Peur bleue

C’est le titre que j’aurais pu donner à mon précédent article. J’étais en train de l’éditer quand j’ai assisté impuissante à une scène d’horreur domestique. Ma fille, en équilibre sur le ventre, sur l’accoudoir d’un fauteuil, tendait la main aussi loin qu’elle pouvait pour attraper les disques sur l’étagère voisine. Ce qui allait se passer était prévisible mais je n’avais pas le temps d’agir avant que ça n’arrive. J’ai juste eu le temps de m’entendre pousser un cri déchirant pendant qu’elle tombait tête la première sur le sol.
Je l’ai prise dans mes bras en un éclair et je m’assoie pour lui proposer le sein. Mais elle gémit et porte sa main à son front tout marbré et tout à coup mon sang se glace: ses yeux se révulsent. Je sens la panique me piqueter tout le long du corps. Est-elle en train de perdre connaissance?

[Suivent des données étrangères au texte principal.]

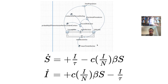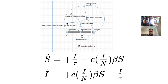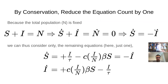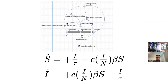Infectives leave via a first-order delay: I/τ. If the mean time in the infective state is 10 days, then 1/10 of them leave each day, giving a mean time in state of τ. Because the flow of new infections comes from susceptibles (minus) and the flow of recoveries goes to susceptibles (plus), these two flows are exactly opposites of each other.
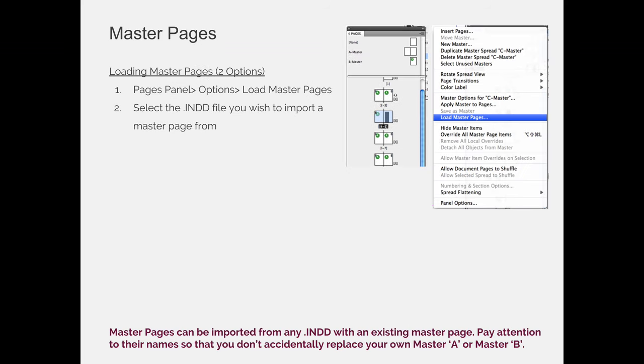You can also share master pages. So maybe you worked on a newsletter that comes out monthly and you created master pages for the January issue, then you want to repeat some but not all of those master pages for the February, March, or April issue. Or maybe someone else started a project and they need to send you the template that they created and they've created them as master pages so they want to save them or share them with you.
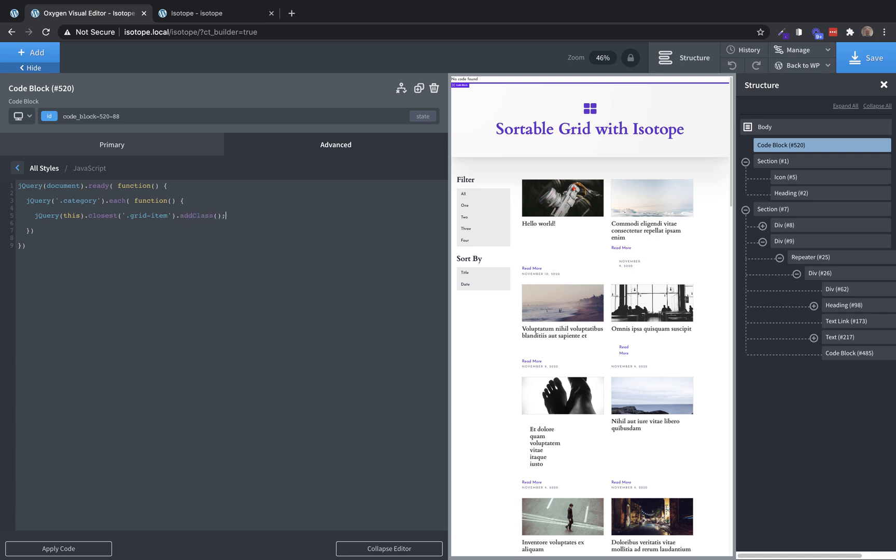And the class we want to add is equal to jQuery, this dot text dot to lower case. So that's going to take the text of that category span and add it as a class to the grid item that contains that span.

Je m’aperçois que je ne connais pas les numéros d’urgence. Qui dois-je appeler? le 15 me vient à l’esprit mais je ne sais même pas s’il s’agit des pompiers, du samu ou de la police. Je parcours l’appartement en tout sens avec mon bébé dans les bras. Où sont ces fichus numéros d’urgence? Sur le frigo? Dans le tiroir du meuble de l’entrée? Où? Où? Je m’assoie pour reprendre mon calme et proposer à nouveau le sein à ma petiote. Elle continue à gémir et montre son front. Des spasmes de sanglots m’envahissent, auxquels je ne peux pas donner libre court.
Finalement, je décide d’appeler l’homme de la maison. Le 15. Appelle le 15. C’est le samu. Son calme me rassure et tout à la fois me perturbe tant le contraste est grand avec l’état émotionnel dans lequel je suis plongée. Je n’arrive plus à parler. Les sanglots que j’avais réprimé tout à l’heure sortent et me traversent de part en part comme des hallebardes. Malgré tout je me sens un peu mieux.
Pendant ce temps, ma Poupinette, sur mes genoux, semble avoir récupéré. Ça ne me rassure qu’à moitié. Comment savoir si quelque chose de terrible ne couve pas derrière cette apparence de normalité? J’appelle le samu. Quelqu’un répond immédiatement. La voix un peu chevrotante je raconte l’accident et demande ce que je dois faire. On me demande si elle a vomi, si elle a perdu connaissance. On me fait patienter pour me passer un médecin. Mon petit papillon s’affaire sur mes genoux presque comme si de rien n’était. Sans les larmes qui perlent encore à ses yeux et son front rose fushia je pourrais croire que tout ça n’est arrivé qu’à moi.
Je raccroche presque complètement rassurée. Si dans les deux heures qui suivent, ma petite princesse reste tonique, qu’elle sourit, qu’elle joue normalement, c’est que tout va bien. C’est moi qui ai du mal à évacuer ma peur. L’image de ses yeux révulsés passe et repasse dans ma tête. Et quand finalement elle s’endormira pour une petite sieste, je ne pourrai m’empêcher de craindre que jamais elle ne se réveille. Comme au temps de ses premiers mois, quand parfois je vérifiais qu’elle était bien vivante, là, près de moi dans l’obscurité. Comme si j’avais du mal à croire au miracle de cette vie que j’avais donné. Comme si sa vie, la vie, ne tenait qu’à un fil.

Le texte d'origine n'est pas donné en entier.